Выросшая без матери, Дуня всю свою дочернюю любовь отдала безропотному и не по-мужицки ласковому отцу.
Сделав несколько неверных шагов, она сорвала с себя нечистый платок и повалилась головой на стол. Под черным жгутом повойника блеснули льняные косы.
— Скучаю по бате, смерть моя! — зашептала она сквозь слезы. — Летом, бывало, на задах встретимся, тайком… А зимой — куда я с ребятишками? Батя тоже, конечно, гордость имеет. Придет иной раз ко мне, а мой-то идол так тут и вертится, нюхает, не просит ли чего батя… — Она с силой стиснула локоть Авдотьи. — Украду мешок пшеницы, ей-богу, украду! — Но тотчас же сникла, опустила голову. — Не украдешь. Он каждую луковицу считает.
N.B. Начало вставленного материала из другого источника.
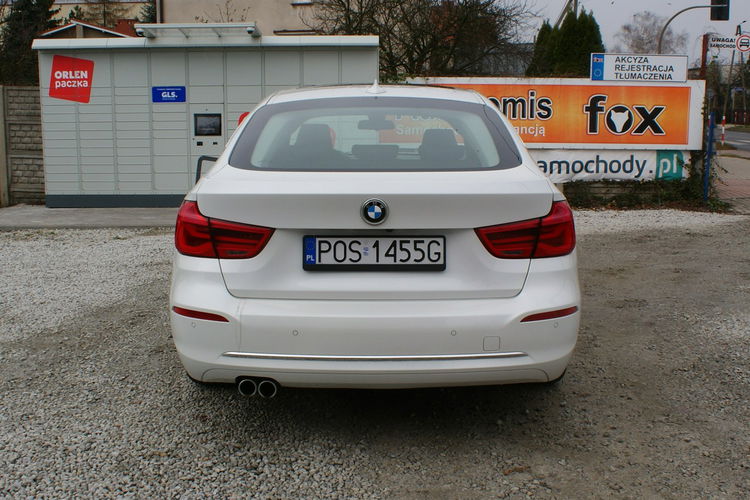 BMW 3GT zdjęcie 6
Думала, к детям желанный будет, а он их и видеть не хочет.
Внезапно бережным и быстрым движением она приложила обе ладони к своему тугому животу, насторожилась, перестала дышать и даже раскрыла рот.
— Ты чего? — удивленно шепнула Авдотья.
Дуня уронила обе руки и опустила голову.
— Молчит. Бывало, утром вот сюда меня тукнет, я и проснусь. Нынче все утро ждала, ждала…
— Ну? — сурово спросила Авдотья.
— Идол-то мой, — робко шепнула Дуня, — вчера кулаком ткнул, свету невзвидела. Боюсь, по дитенку.
Авдотья встала перед Дуней во весь рост и цепко встряхнула ее за плечи.
— Да ты чего это, баба! — отчетливо и грозно сказала она. — В крепостных, что ли, живешь? Иль белый свет клином сошелся?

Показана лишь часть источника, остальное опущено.